USCIS Hikes Fees for EB-5 Investors and Regional Centers - EB5Investors.com

USCIS proposes fee hikes for EB-5 investors and regional centers

EB5Investors.com Staff

By Anayat Durrani

The U.S. Citizenship and Immigration Services (USCIS) announced it is adjusting immigration and naturalization benefit request fees as part of a comprehensive fee review at the agency. The USCIS says the fee increase will allow the agency to help recover operating costs, reestablish and continue timely case processing and prevent future case backlog.

While the USCIS will not raise costs for everyone, EB-5 investors will bear the brunt of the fee hikes and will pay $1160 for I-526 petitions and $9535 for I-829 petitions. Application fees for the EB-5 visa, which will increase from $3,675 to $11,160, represent a 204% jump.

“The U.S. Citizenship and Immigration Services’ proposal to triple the filing fee for immigrant investors is outrageous especially since this program is designed to create jobs for Americans,” says Bernie Wolfsdorf, managing partner at WR Immigration and past president of the American Immigration Lawyers Association.

The role of EB-5 filing fees for USCIS

USCIS receives approximately 96 percent of its funding from filing fees and not funds from Congress.
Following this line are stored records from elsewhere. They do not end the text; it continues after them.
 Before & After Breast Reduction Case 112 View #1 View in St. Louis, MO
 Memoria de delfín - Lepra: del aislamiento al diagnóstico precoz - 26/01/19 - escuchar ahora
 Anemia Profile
The agency’s current fees have remained unchanged since 2016.

“While I understand the need to defray costs of other applications, such as for asylees, an increase from $3,675 to $11,160 for the first phase is an attempt to fleece immigrant investors, especially when coupled with a proposed increase for the second stage removal of conditions from $3,750 to $9,525 for a total of $20,685,” says Wolfsdorf.
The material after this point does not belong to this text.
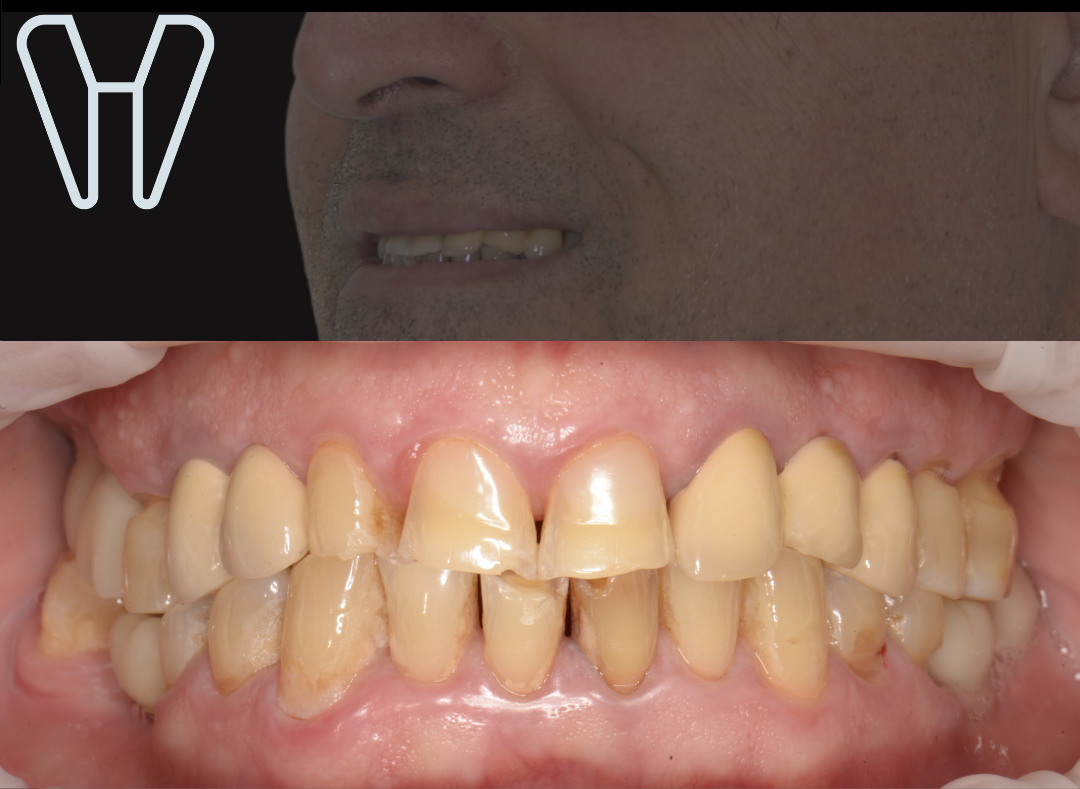 До лікування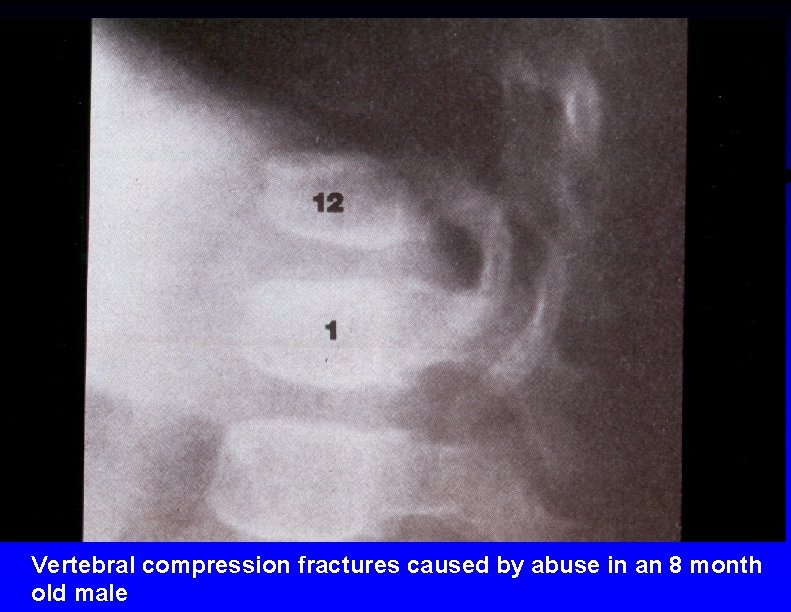 Vertebral compression fractures caused by abuse in an 8 month old male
The law allows filing fees to be set at a level that provides recovery of the costs of providing all services, Wolfsdorf says, including the costs of similar services provided without charge to asylum applicants and other immigrants.

“I am struggling to understand how the government can justify fees of over $20,000 to adjudicate the Form I-526, and the Form I-829?” says Wolfsdorf. “The proposed fee of $47,695 for regional center application is also prohibitive. If we saw an improvement in adjudication times, a reasonable fee increase would be understandable but so far we have only seen adjudication times get longer, and longer.”

Why USCIS has increased EB-5 filing fees

USCIS Director Ur M. Jaddou said in a statement that the proposed rule will allow the agency “to more fully recover operating costs for the first time in six years and will support the Administration’s effort to rebuild the legal immigration system.”

USCIS says it conducted a comprehensive biennial fee review and found that the agency’s costs have increased since its last fee adjustment because of expanded humanitarian programs, higher demand, increased processing times, and a need for additional USCIS employees.

The agency said that the COVID-19 pandemic created a decrease in new applications to the agency and a 40% drop in revenue.  

The fee proposals were released by USCIS on January 3, in a more than 400-page long document.

“It’s actually insulting! Never has a program been so mismanaged by an agency and the sheer nerve of the agency to raise fees on a program that is so horribly mismanaged is outrageous,” says Tammy Fox-Isicoff, immigration attorney and a co-founder of Rifkin & Fox-Isicoff, P.A. 

The fee increase will not take effect immediately as there is a 60-day period for public comments.

“I had an older client tell me today that when she invested four years ago, she dreamed of spending her sunset years in Miami with her husband. Now he has advanced Alzheimer’s and broke his hip and he is in a nursing home in Spain,” says Fox-Isicoff. “She says at this point, it doesn’t even make sense to continue the process. USCIS can’t keep hiking fees and not providing service. These adjudications should take months, not years.”

Wolfsdorf believes many investors will feel they are being overcharged with the dramatic fee hike. USCIS plans to host a public engagement session on the proposed fee rule on January 11 at 2 pm EST.

“It’s time for USCIS to explain and justify why it is necessary to massively increase fees while taking longer and longer to adjudicate cases,” says Wolfsdorf.